- What to do:
Would you reproduce exactly the lines below from the one holding "More Photos Of" through the one holding "Personalizirano odijelo Ljetno", inclusive, and no others?

- Working data:
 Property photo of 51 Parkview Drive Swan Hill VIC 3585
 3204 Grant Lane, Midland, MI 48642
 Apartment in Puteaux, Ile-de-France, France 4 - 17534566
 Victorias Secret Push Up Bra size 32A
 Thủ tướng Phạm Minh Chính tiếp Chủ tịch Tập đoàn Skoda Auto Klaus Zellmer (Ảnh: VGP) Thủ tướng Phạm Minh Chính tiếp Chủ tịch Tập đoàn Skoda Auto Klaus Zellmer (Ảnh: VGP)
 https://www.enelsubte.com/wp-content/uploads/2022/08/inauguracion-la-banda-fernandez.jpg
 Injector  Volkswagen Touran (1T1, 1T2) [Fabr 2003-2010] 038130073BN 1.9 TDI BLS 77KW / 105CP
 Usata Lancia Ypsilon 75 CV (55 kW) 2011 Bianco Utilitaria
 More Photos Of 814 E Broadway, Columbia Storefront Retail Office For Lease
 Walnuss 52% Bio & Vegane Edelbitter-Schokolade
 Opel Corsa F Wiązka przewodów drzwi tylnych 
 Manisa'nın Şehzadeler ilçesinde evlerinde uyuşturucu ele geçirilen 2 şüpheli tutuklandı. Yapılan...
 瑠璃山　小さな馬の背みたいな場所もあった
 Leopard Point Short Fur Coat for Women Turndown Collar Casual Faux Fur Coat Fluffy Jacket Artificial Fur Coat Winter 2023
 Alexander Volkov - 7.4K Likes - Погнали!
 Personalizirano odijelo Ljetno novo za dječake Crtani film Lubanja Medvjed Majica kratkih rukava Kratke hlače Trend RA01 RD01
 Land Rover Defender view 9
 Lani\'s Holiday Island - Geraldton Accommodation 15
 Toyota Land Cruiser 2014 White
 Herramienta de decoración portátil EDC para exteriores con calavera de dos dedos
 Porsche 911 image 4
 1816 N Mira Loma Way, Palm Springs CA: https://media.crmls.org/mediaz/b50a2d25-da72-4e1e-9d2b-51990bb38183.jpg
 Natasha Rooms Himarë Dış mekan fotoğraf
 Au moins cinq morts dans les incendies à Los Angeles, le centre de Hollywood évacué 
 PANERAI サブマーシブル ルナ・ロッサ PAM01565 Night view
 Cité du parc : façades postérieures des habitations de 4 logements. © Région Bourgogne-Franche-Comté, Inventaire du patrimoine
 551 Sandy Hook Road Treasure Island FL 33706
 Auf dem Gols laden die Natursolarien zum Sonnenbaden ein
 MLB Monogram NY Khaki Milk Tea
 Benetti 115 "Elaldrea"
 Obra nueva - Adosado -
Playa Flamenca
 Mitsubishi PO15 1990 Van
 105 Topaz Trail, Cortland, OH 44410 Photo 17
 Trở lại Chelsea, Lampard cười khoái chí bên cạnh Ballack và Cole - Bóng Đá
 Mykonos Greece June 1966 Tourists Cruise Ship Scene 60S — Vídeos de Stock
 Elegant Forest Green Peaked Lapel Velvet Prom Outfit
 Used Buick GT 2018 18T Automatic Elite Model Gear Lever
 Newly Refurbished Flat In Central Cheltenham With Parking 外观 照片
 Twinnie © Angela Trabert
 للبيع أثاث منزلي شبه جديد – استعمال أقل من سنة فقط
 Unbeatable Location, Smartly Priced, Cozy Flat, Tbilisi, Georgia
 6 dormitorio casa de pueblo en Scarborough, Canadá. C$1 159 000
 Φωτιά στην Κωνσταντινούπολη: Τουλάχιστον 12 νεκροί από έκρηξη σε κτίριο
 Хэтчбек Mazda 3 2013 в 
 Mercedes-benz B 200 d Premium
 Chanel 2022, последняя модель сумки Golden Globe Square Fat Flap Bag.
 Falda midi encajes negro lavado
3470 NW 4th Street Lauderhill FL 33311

- Reply:
 More Photos Of 814 E Broadway, Columbia Storefront Retail Office For Lease
 Walnuss 52% Bio & Vegane Edelbitter-Schokolade
 Opel Corsa F Wiązka przewodów drzwi tylnych 
 Manisa'nın Şehzadeler ilçesinde evlerinde uyuşturucu ele geçirilen 2 şüpheli tutuklandı. Yapılan...
 瑠璃山　小さな馬の背みたいな場所もあった
 Leopard Point Short Fur Coat for Women Turndown Collar Casual Faux Fur Coat Fluffy Jacket Artificial Fur Coat Winter 2023
 Alexander Volkov - 7.4K Likes - Погнали!
 Personalizirano odijelo Ljetno novo za dječake Crtani film Lubanja Medvjed Majica kratkih rukava Kratke hlače Trend RA01 RD01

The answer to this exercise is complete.